Обоз императорской ставки — громоздкая, проклятая поклажа — остался в Седане, за кустами сирени в саду субпрефекта. Не знали, как упрятать все это, убрать подальше от несчастных людей, подыхавших с голоду; в дни поражения вызывающий, наглый облик этих вещей казался страшной, невыносимой насмешкой. Пришлось дождаться самой темной ночи. Лошади, экипажи, повозки, фургоны, нагруженные серебряными кастрюлями, вертелами, корзинами тонких вин, выехали из Седана и тоже направились в Бельгию по мрачным дорогам, втихомолку, тайком, словно везли награбленное.
ЧАСТЬ ТРЕТЬЯ
I
Весь бесконечный день сражения Сильвина не отрываясь смотрела с холма Ремильи, где находилась ферма старика Фушара, на Седан, окутанный дымом грохочущих пушек, и трепетала при мысли об Оноре. На следующий день она еще больше встревожилась, не зная, как добиться точных сведений от пруссаков, охранявших дороги. Они отказывались отвечать, да и сами ничего не знали. Солнце, сиявшее накануне, скрылось, хлынул дождь, и долину покрыл белесый туман.

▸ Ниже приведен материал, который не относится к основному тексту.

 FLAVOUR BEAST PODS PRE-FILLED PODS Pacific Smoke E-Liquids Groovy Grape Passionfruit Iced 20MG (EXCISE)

Старик Фушар упорно молчал, но тоже томился, беспокоясь отнюдь не о сыне, а о том, как несчастья, постигшие страну, обернутся для него самого; к вечеру он вышел на порог, выжидая событий, и вдруг заметил рослого молодца в блузе, который уже некоторое время растерянно слонялся по дороге. Узнав его, старик так удивился, что, не остерегаясь трех проходивших пруссаков, громко крикнул:
— Как? Это ты, Проспер?
Африканский стрелок замахал рукой, чтобы он замолчал, подошел и вполголоса ответил:
— Да, это я. С меня довольно воевать неизвестно за что; я удрал… Дядя Фушар, не нужен ли вам батрак?
Старик сразу насторожился. Он как раз искал батрака. Однако не стоило это обнаруживать.
— Батрак? Да нет! Пока не нужен… А ты все-таки войди, выпьем по стаканчику! Уж конечно, я не оставлю тебя в беде на улице!
Сильвина ставила суп на огонь; маленький Шарло цеплялся за ее юбки, играя и смеясь. Сначала она не узнала Проспера, хотя он когда-то служил вместе с ней, и, только принеся бутылку вина и два стакана, она присмотрелась и вскрикнула. Все мысли ее были с Оноре.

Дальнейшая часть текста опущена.